Sure, he may be just as flawed as the rest of us, but what sets the partner apart form the riff-raff is that he’ll stick with you through the ages, because he wants you, and in spite of the fact that he can truly see who you are and still loves you just the same, even when all your guards are down. And he’ll stand up for you and honour your name instead of playing childish games. And when he leaves the morning after, he’ll thank you, and asks when he can see you again.

As I said before, we cannot expect this healing to come from the outside. It’s like weight loss. You can spend a fortune on beauty products, buy all the self-help books on the market and go to the dietician every day and lecture your friends about nutrition, but it is not without commitment, sacrifice, perseverance and patience that real, long-term progress can be achieved!

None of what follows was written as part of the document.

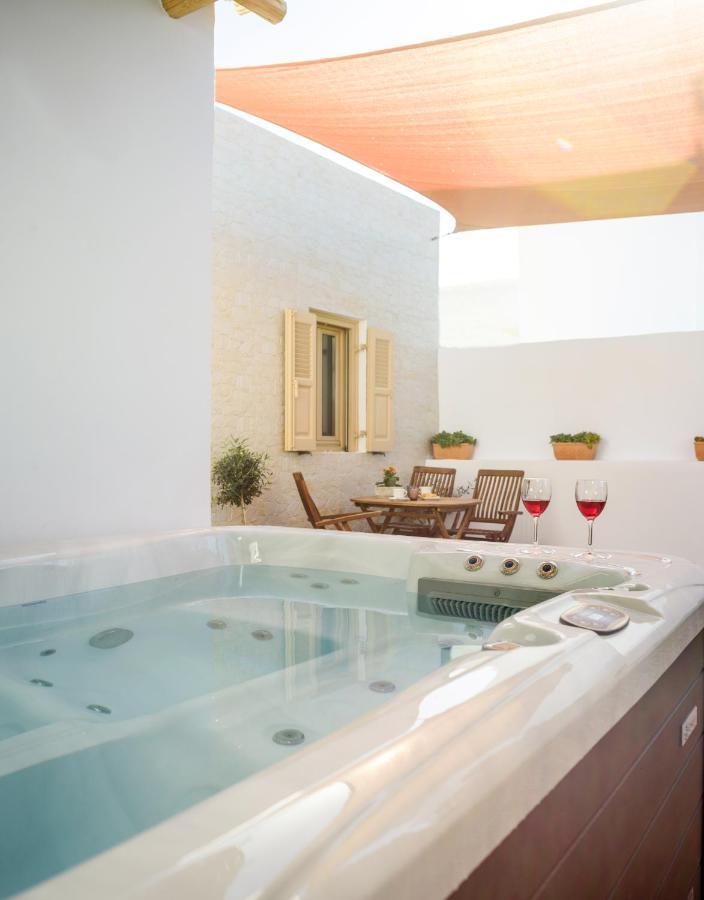 דירות Heart Of Oia - Private House With Jacuzzi מראה חיצוני תמונה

I guess everyone must find her own way. But actively seeking solutions to life’s problems is an ongoing process. It doesn’t necessarily get easier, but at least, over time we gain confidence in our instincts and accumulate some successes. Overcoming hurt and cynicism is a challenge that requires great courage because it has to be done alone. Some pain never really goes away, but it’s important to learn to co-exist with it. Because as long as we let it rule our lives, we’ll always make choices that are based in fear. Then our freedom will be stifled.

We are fortunate to live in a world that is full of resources that are easily accessible to us. Help is out there: wether in books or self-help groups, workshops or community work, therapy or yoga and meditation; there are such a many varied ways that an individual can explore. I think this inner search is an exciting journey that always brings its own rewards and is never short of gifts.